Kasus penggerudukan rumah Ahmad Sahroni pada Sabtu, 30 Agustus 2025, menjadi bukti nyata bagaimana akumulasi kekecewaan dapat meledak menjadi amuk massa. Bukan sekadar kerusakan fisik yang terjadi, tetapi juga kerusakan simbolis: runtuhnya kepercayaan rakyat terhadap lembaga legislatif.
Kronologi Penggerudukan Rumah Ahmad Sahroni
Peristiwa ini berawal dari memanasnya aksi-aksi protes nasional pasca tragedi kematian Affan Kurniawan, seorang driver ojol yang menjadi korban bentrokan dengan aparat saat demonstrasi menuntut pembubaran DPR. Ucapan Ahmad Sahroni yang menyebut para demonstran memiliki "mental tolol sedunia" menyulut api kemarahan.
Sabtu sore, ratusan warga mendatangi rumah pribadinya di Jalan Swasembada Timur XXII, Tanjung Priok, Jakarta Utara.

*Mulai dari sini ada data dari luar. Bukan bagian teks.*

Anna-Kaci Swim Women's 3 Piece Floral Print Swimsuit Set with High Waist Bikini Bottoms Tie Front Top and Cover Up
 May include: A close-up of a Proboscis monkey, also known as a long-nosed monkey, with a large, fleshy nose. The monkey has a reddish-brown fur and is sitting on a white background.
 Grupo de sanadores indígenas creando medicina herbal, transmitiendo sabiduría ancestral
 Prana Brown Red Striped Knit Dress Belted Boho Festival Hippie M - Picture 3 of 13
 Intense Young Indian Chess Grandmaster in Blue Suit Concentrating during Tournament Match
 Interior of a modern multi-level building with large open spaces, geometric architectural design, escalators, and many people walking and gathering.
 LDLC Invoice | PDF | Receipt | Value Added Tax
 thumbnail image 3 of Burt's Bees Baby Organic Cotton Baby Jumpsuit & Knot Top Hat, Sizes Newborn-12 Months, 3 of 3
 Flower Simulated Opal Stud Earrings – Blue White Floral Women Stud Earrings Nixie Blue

Mereka datang dengan motor, berjalan kaki, sambil berteriak memanggil nama Sahroni. Polisi dan TNI sudah berjaga, tetapi jumlah massa yang kian bertambah membuat situasi tak terkendali.
Benteng pagar rumah akhirnya dijebol. Massa melempari kaca dengan batu, memecahkan jendela, dan masuk ke halaman rumah. Mobil mewah Lexus RX 450h+ senilai miliaran rupiah rusak parah. Patung Iron Man koleksi Sahroni raib dijarah bersama barang-barang pribadi lainnya: kulkas, kursi, helm motor, hingga lukisan. Rumah porak poranda, sementara aparat terlihat kewalahan.
Massa berteriak: "Mana Sahroninya? Keluar! Keluar!" Namun, Sahroni tidak berada di lokasi
Dampak Politik: Sahroni Tersingkir dari Jabatan
Pasca insiden itu, Partai NasDem segera melakukan rotasi jabatan. Ahmad Sahroni dicopot dari posisi Wakil Ketua Komisi III DPR dan dipindahkan ke Komisi I. Fraksi menyebut ini sebagai "penyesuaian normal," namun publik melihatnya sebagai konsekuensi politik dari ucapannya yang dianggap menghina rakyat.